I luoghi, allora, diventano corali dipinti, perforano l’aria del monastero che diventa città di Dio in una minuta di destino e compimento, solleva la panoramica di un’appartenenza alla variegata bellezza che circonda ed entra in comunione, in quanto segno intuito e vissuto della mano di Dio.
Il monaco, come Elia, si mette in cammino e l’io si risveglia in tutte le sue urgenze elementari. È la sua stanza il punto di sguardo. Ma è una stanza che pronuncia la sua appartenenza e la sua dipendenza all’infinita Genesi, a Dio che si incarna e tocca ogni infinitesimo umano, che si introduce in modo non prevedibile e non previsto, facendo luce sulla verità di noi stessi: «Il seme, come ho detto, / Si cela nella zolla ghiacciata. / Modellate dai fiumi, le pietre / Non se ne curano né lo sentiranno mai, / E coprono la terra coltivata. / Il seme, per natura, aspetta di crescere e dare / Frutto. Per questo non è solo / Come le pietre, o le cose inanimate: / Voglio dire, solo per natura, / O solo per sempre».
La vera ascesi non è elevazione sulle dinamiche mondane bensì entra in comunione: con l’umano unico e irripetibile. Ed ecco che la poesia diventa umana questione e preghiera, si fa religiosa, perché la realtà lo, lo annuncia ogni giorno qui e ora silenziosamente: «Io sono l’ora stabilita, / L’«adesso» che taglia / Il tempo come lama. / Sono il lampo inatteso / Oltre il «sì», oltre il «no», / Il presagio della Parola di Dio. / Segui la mia strada, ti porterò / Verso soli dai capelli d’oro, / Logos e musica, gioie senza colpa, / Scevre di domande / E al di là delle risposte: / Poiché io, la Solitudine, sono il tuo sé / Io, il Nulla, sono il tuo Tutto. / Io, il Silenzio, sono il tuo Amen!».
Afferma Albini, «Non perché sia uno scrivere riguardante questioni religiose, ma nel senso di essere una scrittura che è in sé un’attività religiosa, dal momento che produce parole mediante le quali Dio agisce, anche indipendentemente dalla consapevolezza e dall’intenzione del poeta.

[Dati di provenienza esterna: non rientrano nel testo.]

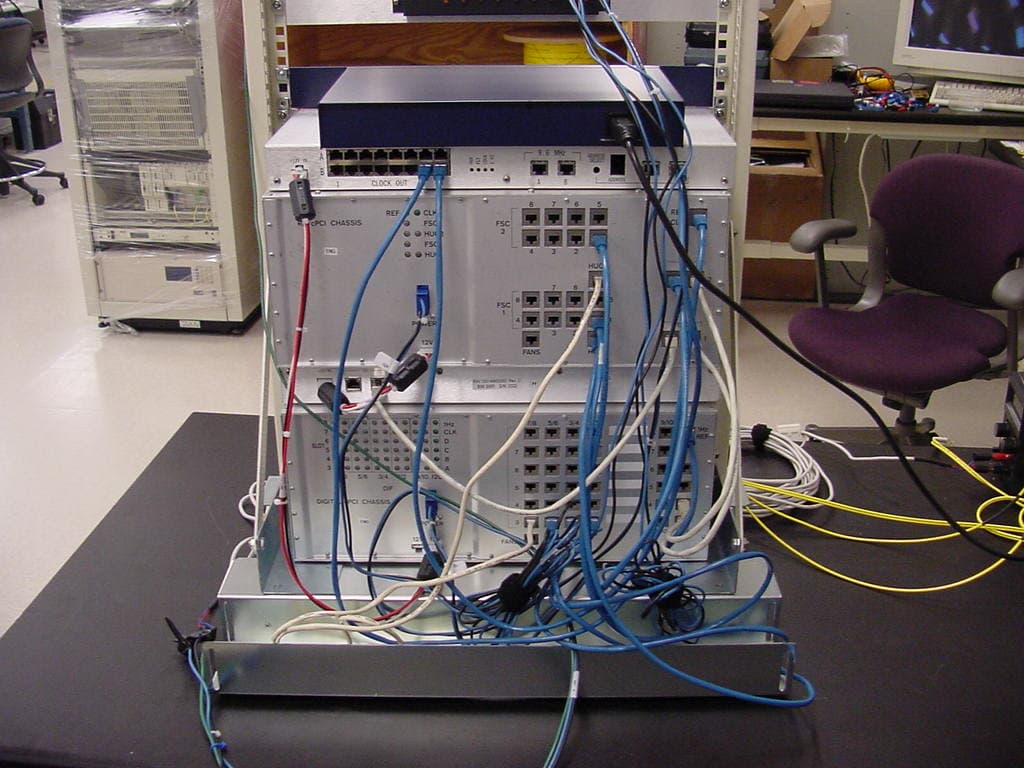 Digivance� CXD 800 MHz A Band - FCC ID F8I-DCX8001A - ADC Telecommunications Inc (3)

Sono “parole per Dio” nella misura in cui ci liberano dalle prigioni create dalla nostra mente o dalla società, risvegliandoci alla realtà autentica».
Questa poesia costruita nel silenzio compone le sue fiamme di visione, presentendo e vivendo ciò che accade, prefigurando, profeticamente, ogni crollo e apocalisse, come tensione e vertice di ogni genialità: «Come sono state distrutte, come sono crollate / quelle grandi e possenti torri di ghiaccio e d’ acciaio / fuse da quale terrore? / […] Quali fuochi, quali luci hanno smembrato, / nella collera bianca della loro accusa / quelle torri d’argento e d’ acciaio/ colpite da un cielo vendicatore? […] Le ceneri delle torri distrutte si mescolano ancora alle volute del fumo / velando le tue esequie nella loro bruma; e scrivono il tuo epitaffio di braci: / “Questa fu una città/ che si vestiva di biglietti di banca”».

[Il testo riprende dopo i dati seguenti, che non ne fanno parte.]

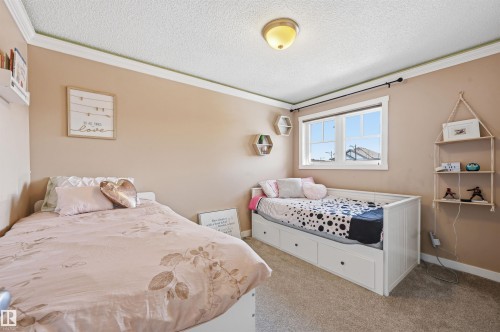 2608 Anderson Crescent, Edmonton, AB - Indoor Photo Showing Bedroom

Scrive, infatti, Luigi Giussani:

«Come mai può accadere quell’avvenimento? Come mai possiamo essere provocati dall’urto di quell’incontro – per cui la vita s’incomincia a illuminare, un baluginare sia pur crepuscolare s’insinua nel nostro orizzonte, e insorge un desiderio di capire di più ciò che ci si è fatto incontro, di esserne più profondamente investiti e di seguirlo? Come mai l’avvenimento accade? Poiché non c’è nessun precedente che lo possa far prevedere; ma accade. Se accade, ha una causa. Essa non si lascia tuttavia includere nell’elenco che nostre analisi di accadimenti antecedenti possono formulare: è qualcosa d’altro. Qual è dunque la causa dell’avvenimento, la causa per cui quell’avvenimento diventa un incontro con una presenza eccezionale, che poi riconosceremo coscientemente divina, cui poi diremo: «Tu, Cristo» – poi, non allora? Nel momento dell’incontro essa è infatti una realtà che semplicemente ci colpisce e ci muove per la sua diversità, perché chi da quell’avvenimento è già stato colpito, e partecipa dunque della sua comunicazione nel mondo, ha una faccia con degli aspetti diversi: ha criteri diversi, una emotività e una affettività diversa, un impeto di gratuità ignoto, una capacità di impegno strana («Chi te lo fa fare?» gli si direbbe guardandolo). La causa di quell’avvenimento, di quell’incontro, e del movimento che suscita in noi, si chiama, nel linguaggio cristiano, Spirito Santo. Si dice Spirito l’energia con cui il mistero di Dio opera nel mondo che ha creato, lo plasma e lo piega, come un grande fiume, verso la sua foce – che è il mistero stesso di Dio. Questa energia viene nel mondo e lo penetra infinitamente di più da quando quell’Uomo cui lo Spirito stesso ha dato vita («… concepì per opera dello Spirito Santo») è morto ed è risorto».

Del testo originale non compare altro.